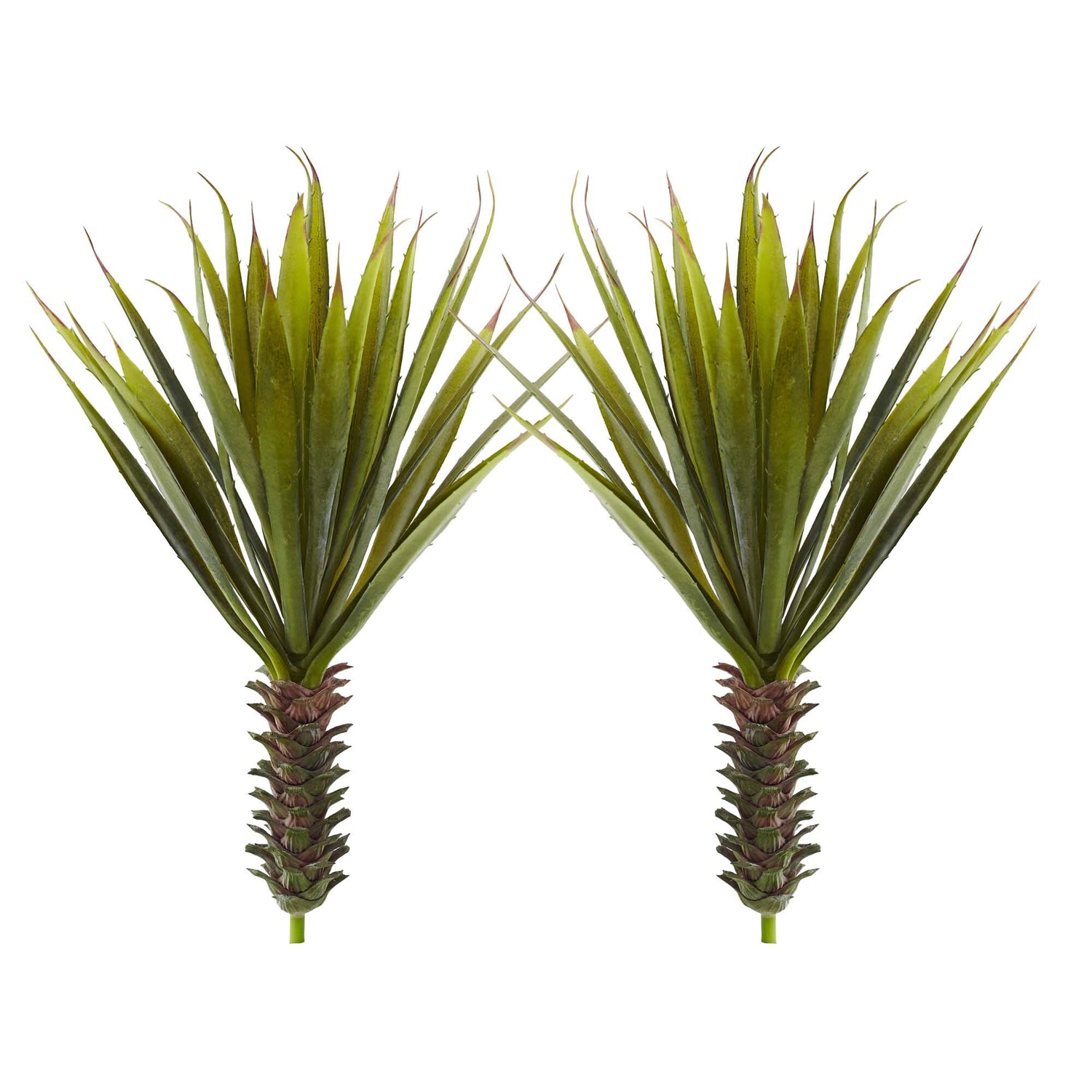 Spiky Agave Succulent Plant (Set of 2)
---
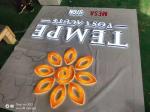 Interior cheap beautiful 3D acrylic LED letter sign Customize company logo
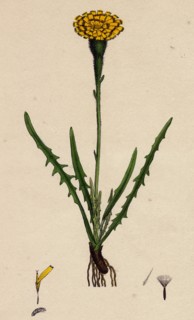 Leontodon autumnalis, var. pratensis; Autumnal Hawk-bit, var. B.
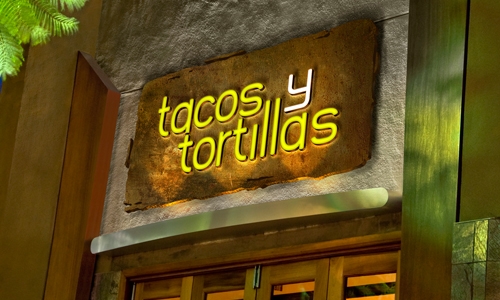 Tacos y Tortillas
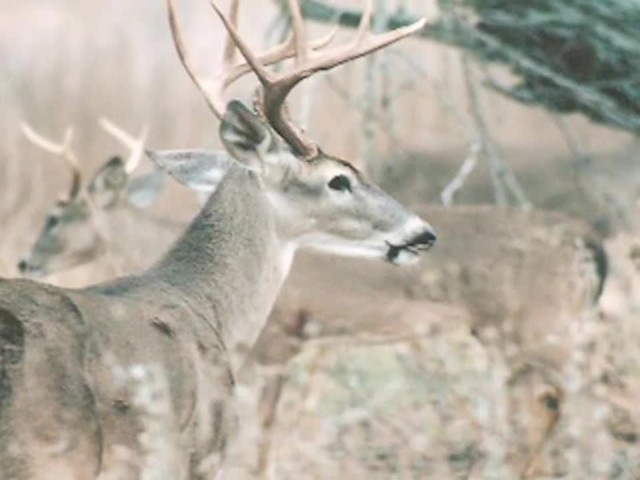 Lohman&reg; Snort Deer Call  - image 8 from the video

__Exercise goal__: In the data above, find the line with "Tacos y Tortillas" and the line with "Lohman&reg; Snort Deer". Please copy exactly those two lines and every line between them, but not the pictures.

__Reply to the exercise__:
 Tacos y Tortillas
 Lohman&reg; Snort Deer Call  - image 8 from the video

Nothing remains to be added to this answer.